For New York–based photographer Peter Tamlin, photography is not documentation. It is an interruption. His images are designed to stop viewers mid-scroll, to feel excessive, artificial, and emotionally charged in a culture saturated with disposable visuals. Known for bold lighting, maximal production, and a refusal to chase trends, Tamlin has built a career by doing the opposite of what’s expected—and trusting that the right clients will follow.
Tamlin’s path into photography was anything but conventional. Raised in a small, conservative suburban town outside Toronto, he grew up with loving parents but almost no exposure to visual art. He never took art classes. Creativity wasn’t encouraged or even visible. In retrospect, that absence became fuel. The predictability of his upbringing pushed him to rebel against norms rather than absorb them.
Before photography, Tamlin tried several careers—fashion design, visual merchandising, hairdressing—chosen not out of passion but practicality. They paid bills or promised access to bigger cities, but none offered creative fulfillment. “They were unexciting 9–5 jobs,” he has said, environments stripped of imagination. The dissatisfaction was necessary. Without it, he believes, he might never have made the dramatic decision that changed everything.

That turning point came through David LaChapelle. First through LaChapelle’s 1998 Rolling Stone collaboration with Madonna, then more profoundly through the book Hotel LaChapelle. The work was bright, surreal, and unapologetically produced. It reframed photography as art, spectacle, and escape. “It opened my mind to a world I didn’t know existed,” Tamlin has said. Photography was no longer documentation. It was a viable life.
Within days, he dropped everything and moved to Montreal, enrolling at the Dawson College Institute of Commercial Photography—one of Canada’s most highly regarded programs. Montreal offered what Toronto didn’t at the time: affordability, nightlife, and a thriving art scene. In school, Tamlin learned the technical foundations of photography, then intentionally did the opposite. Standard rules—especially conventional lighting techniques like Rembrandt lighting—felt safe, flattering, and boring. His instinct was always to subvert expectations, to ask, “How has this never been seen before?”
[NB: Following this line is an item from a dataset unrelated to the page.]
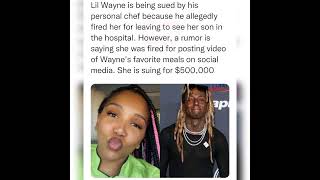 Lil Wayne is being sued by her personal chef #shorts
After graduation, he returned to Toronto and spent the next decade assisting established photographers. While the technical experience was invaluable, the real education was interpersonal. The photographer he assisted was not only highly skilled but exceptional with clients—creating calm, enjoyable sets and always prioritizing the client experience. “Make the client happy above all else” became a guiding principle for Tamlin, shaping how he balances boundary-pushing creativity with collaboration.
What first made photography feel like a real career option for you?
Seeing David LaChapelle’s 1998 Rolling Stone shoot with Madonna. It was the first time I understood photography as art, scale, and a viable career.
Why did Hotel LaChapelle have such a lasting impact?
It taught me that photography should be an escape and that ambitious work requires production—teams, sets, and creative excess.
How did growing up in a small suburban town shape your work?
The lack of exposure pushed me to rebel. I think that friction is why my work is dramatic and rule-breaking.
Why did your early career paths fail to inspire you?
They were chosen for the wrong reasons—money or location. None involved creativity.
What made you move to Montreal so abruptly?
I hated my job as a hair colorist. Montreal was affordable, creatively alive, and home to one of the best photography programs in Canada.
Which photography rules did you enjoy breaking most in school?
Standard lighting, especially Rembrandt lighting. It’s safe and flattering, but visually uninteresting to me.
What did graduating with the highest portfolio score confirm?
That photography wasn’t a hobby for me. I had a level of intensity and commitment that went beyond interest.
What did assisting teach you that school didn’t?
Client management. Making the client happy and comfortable is as important as the image itself.
Why was New York worth starting over from scratch?
It’s the center of fashion and photography. I wanted to compete with the best and collaborate at the highest level.
Are you concerned about being boxed into a signature style?
No. I want clients to come to me for a specific look.
How do you reassure clients worried you’ll push creativity too far?
Through communication. Extensive discussions and references before the shoot.
What does “heightened reality” mean in your work?
An exaggerated, intensified, over-the-top version of reality.
How do you photograph people the public thinks it already knows?
Through unreal lighting and a safe space for expression. More personality, more emotion—more is more.
What separates a technically good photo from a powerful one?
A powerful photo makes you stop. If everyone loves it, it’s probably not art.
Why avoid trends altogether?
If you’re chasing trends, you’re already late.
My first shoot with Josh Mario John (@spizoiky), lighting a cigarette with a blowtorch. It was something no one had seen before.
What still excites you about photography?
The lack of limits. The challenge to keep creating something new and bold.
What’s pulling you toward video and film?
Lighting is universal, but movement adds emotional intensity that still images can’t.
What do you hope a future book of your work gives young photographers?
Permission to break rules and think independently.